*** Data supplied ***
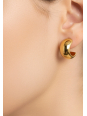 7mm Wide Half Hoop Stainless Steel Gold Color Ear Studs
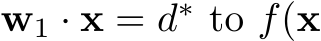  w1 · x = d∗ to f(x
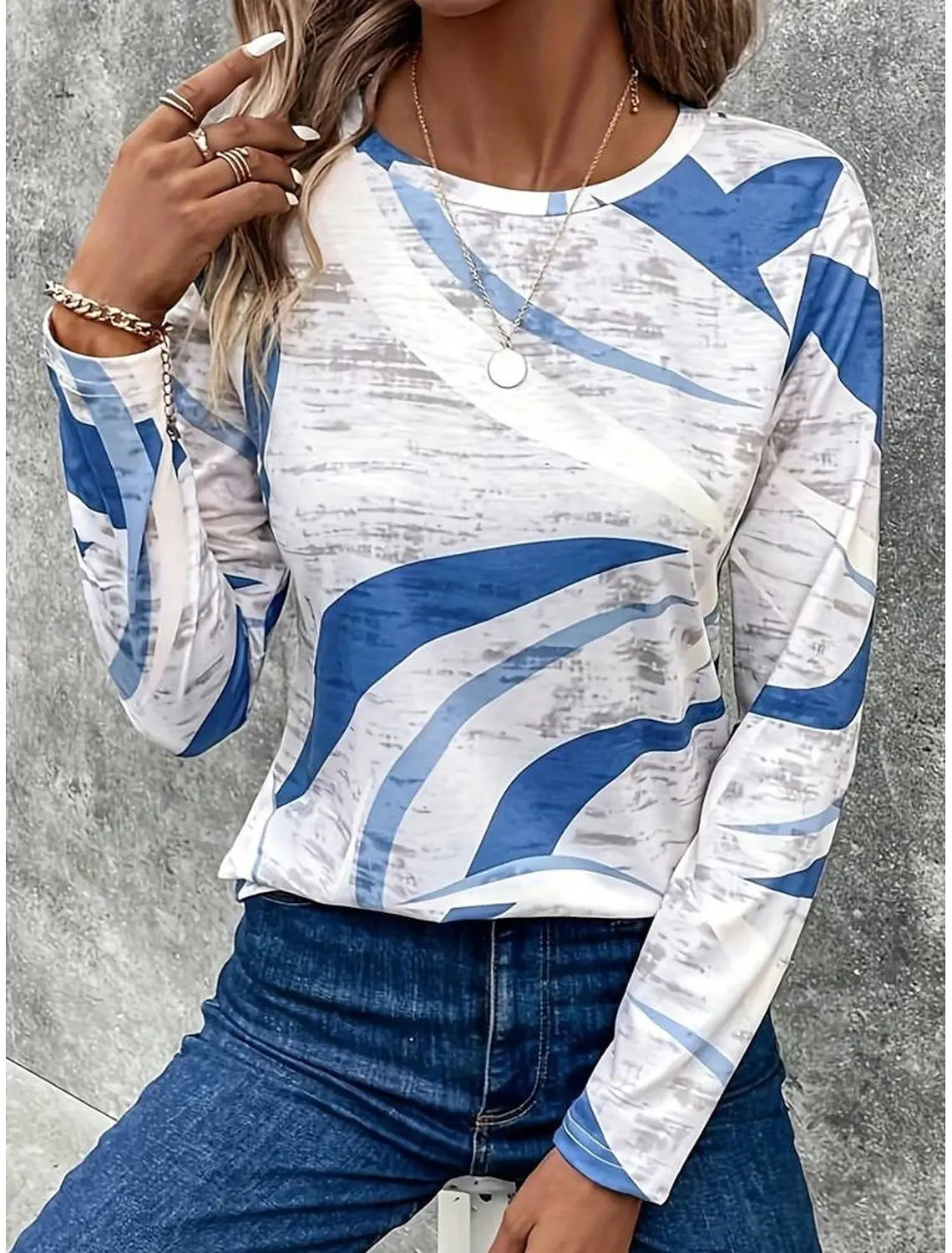 Gradient Stripe Printed Pullover Autumn and Winter Casual Long Sleeve Round Neck Sweatshirt Plaid Pattern Women's Clothing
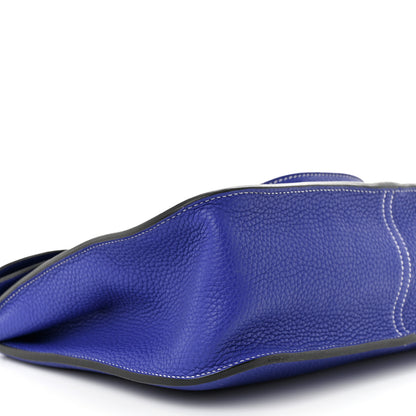 Hermes Taurillon Clemence Halzan 31 GM Bleu Electrique 9 of 12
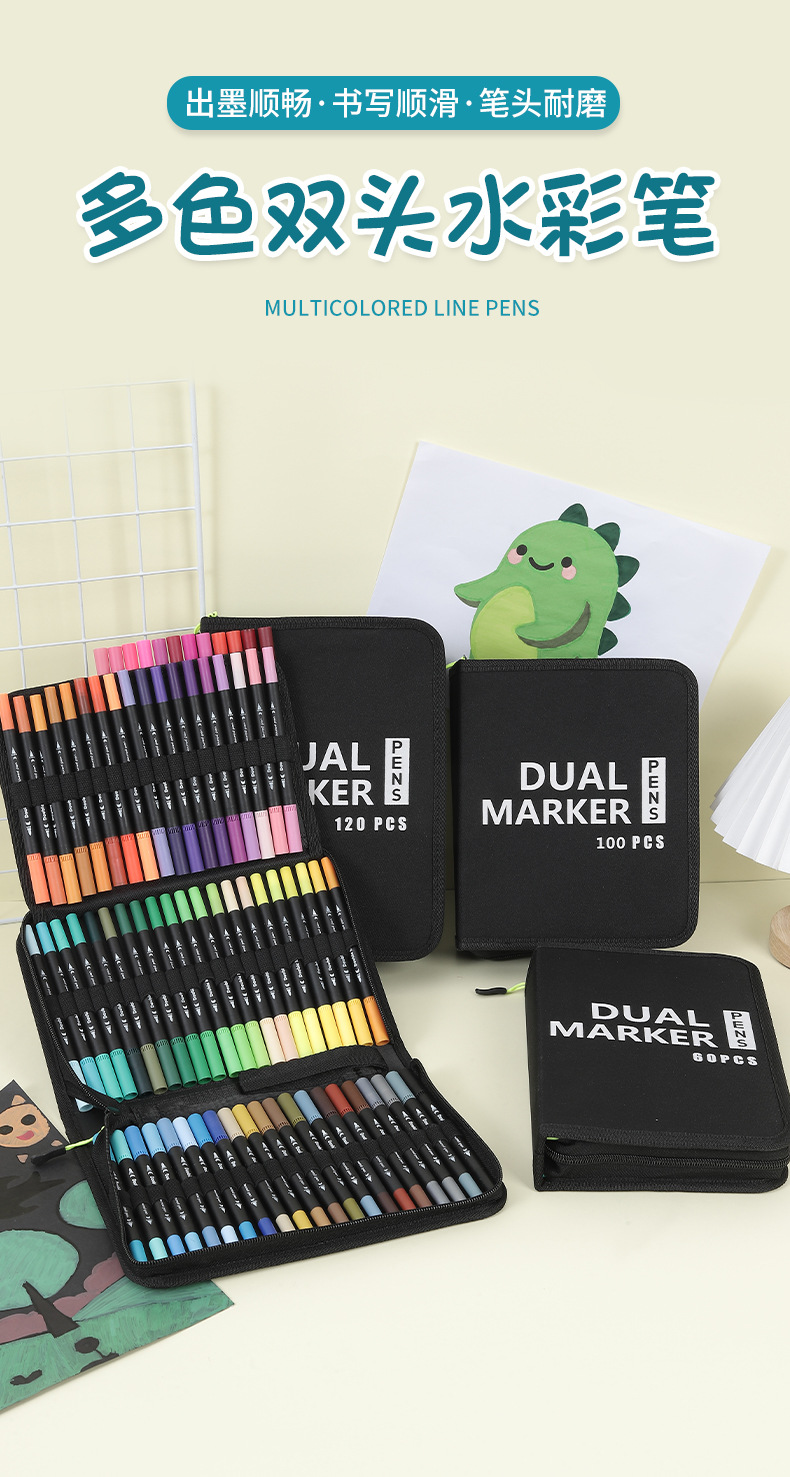 Aquarellstift-Set, 120 Farben, doppelseitig
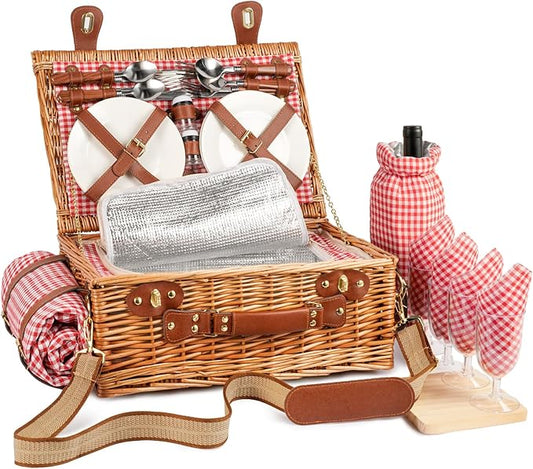 Wicker Picnic Basket Set for 4 Person with Cooler Compartment and Waterproof Picnic Blanket,Removable Strap,Wine Bag,Cutlery Set,for Camping,Day Travel,Beach,Hiking,BBQ and Family/Couples Gifts (Red)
*** End of Data supplied ***
> **Task**
Every entry above is to be transcribed exactly, with all pictures left out.

> **Answer section**
 7mm Wide Half Hoop Stainless Steel Gold Color Ear Studs
  w1 · x = d∗ to f(x
 Gradient Stripe Printed Pullover Autumn and Winter Casual Long Sleeve Round Neck Sweatshirt Plaid Pattern Women's Clothing
 Hermes Taurillon Clemence Halzan 31 GM Bleu Electrique 9 of 12
 Aquarellstift-Set, 120 Farben, doppelseitig
 Wicker Picnic Basket Set for 4 Person with Cooler Compartment and Waterproof Picnic Blanket,Removable Strap,Wine Bag,Cutlery Set,for Camping,Day Travel,Beach,Hiking,BBQ and Family/Couples Gifts (Red)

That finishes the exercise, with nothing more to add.